(Recorded data)
★ ★ ★ ★
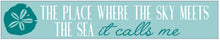Option #4 - HELLO SUMMER - Francesca’s Celebration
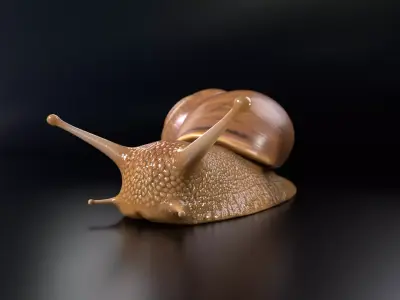 Snail PBR GameReady Model Low-poly 3D model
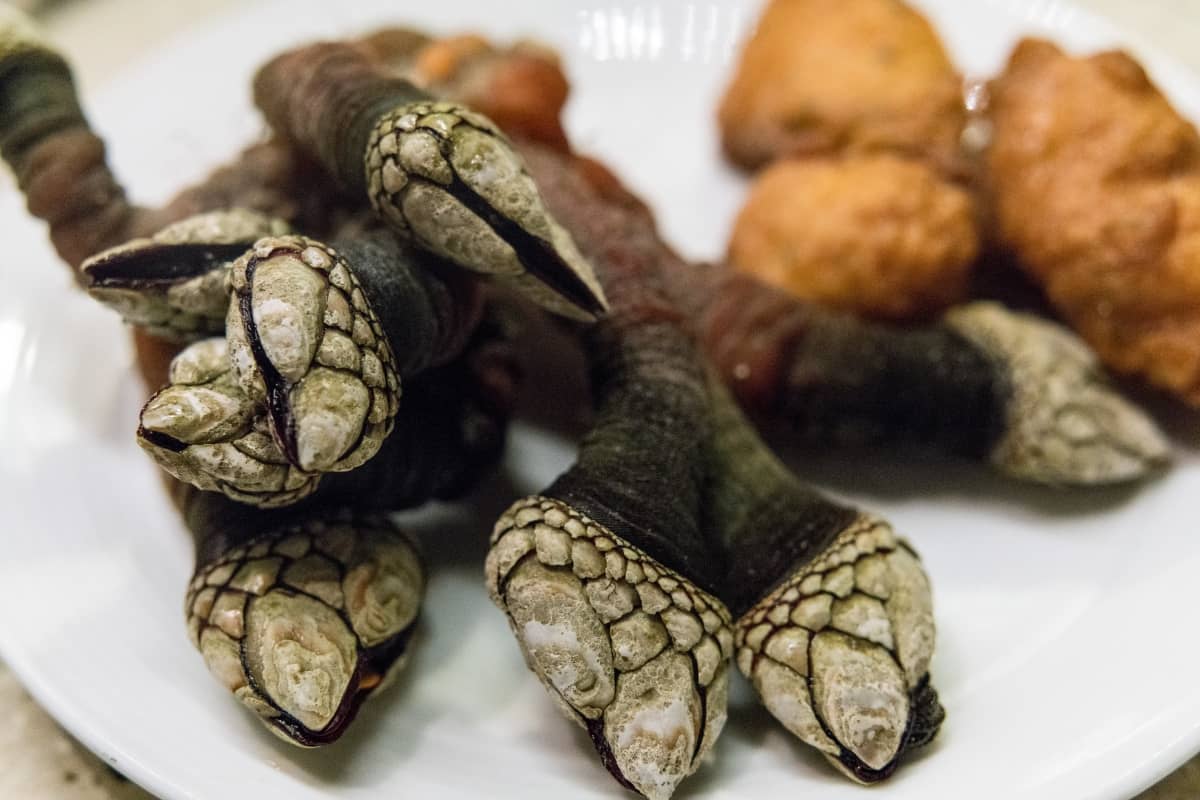 Comida de percebes, en Galicia.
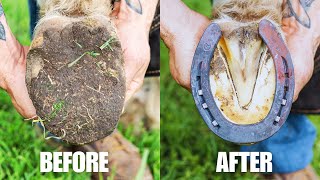 Farrier Full Hoof Restoration | Satisfying ASMR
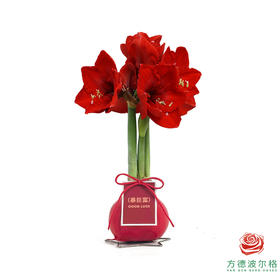 不用浇水的石蜡朱顶红种球！ 红花-暴巨富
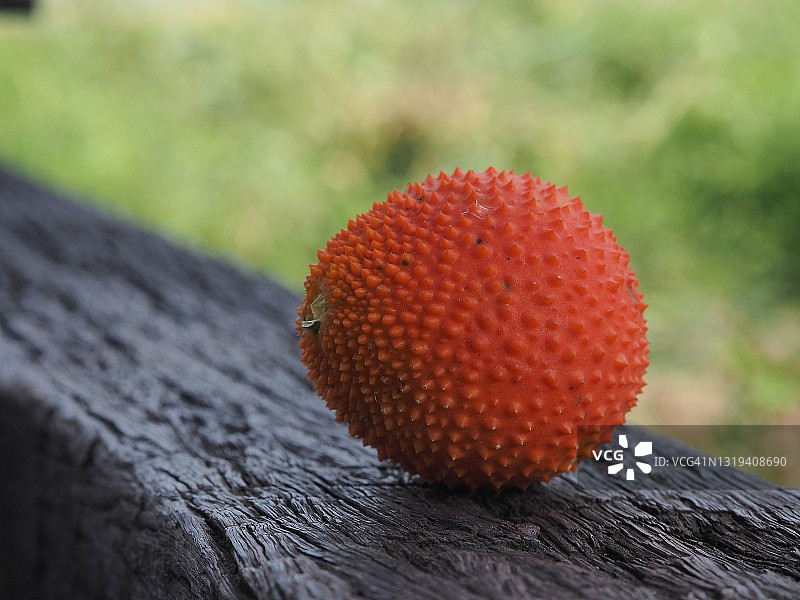 木鳖果，木瓜科苦瓜属橙色果皮果实，在木制上图片素材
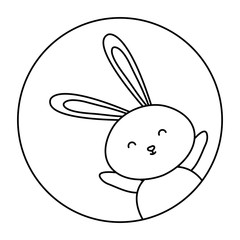 cute rabbit animal in frame circular vector illustration design
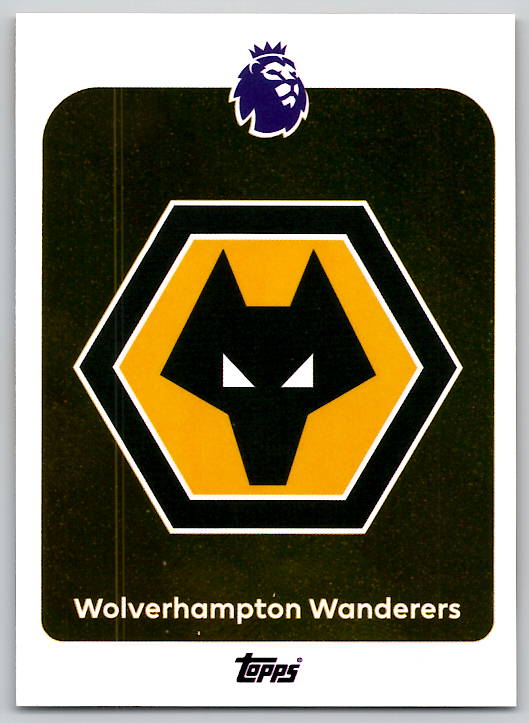 Team Logo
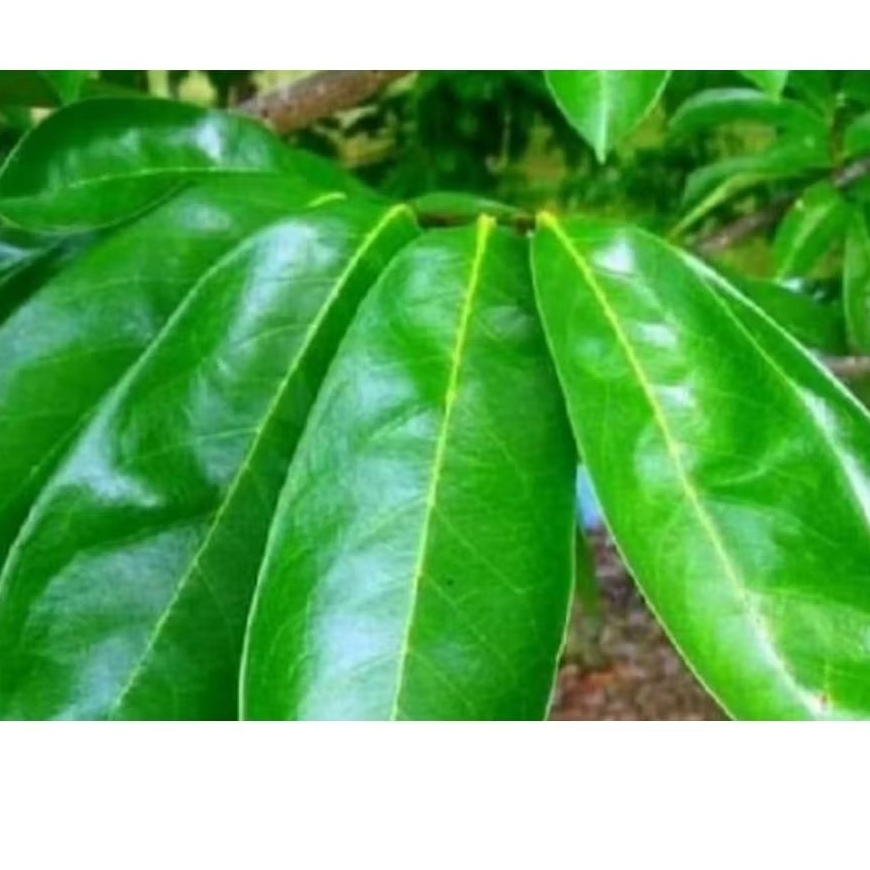 

100 lembar daun sirsak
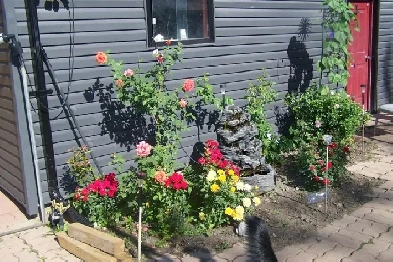 5 BEDROOM FAMILY HOME WITH 2 BEDROOM IN-LAW SUITE Image# 3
★ ★ ★ ★
> [Exercise prompt] Leaving out the pictures, return exactly the lines from the one that contains "不用浇水的石蜡朱顶红种球！ 红花-暴巨富" through the last line of the records above, inclusive.

> [Task response]
 不用浇水的石蜡朱顶红种球！ 红花-暴巨富
 木鳖果，木瓜科苦瓜属橙色果皮果实，在木制上图片素材
 cute rabbit animal in frame circular vector illustration design
 Team Logo

100 lembar daun sirsak
 5 BEDROOM FAMILY HOME WITH 2 BEDROOM IN-LAW SUITE Image# 3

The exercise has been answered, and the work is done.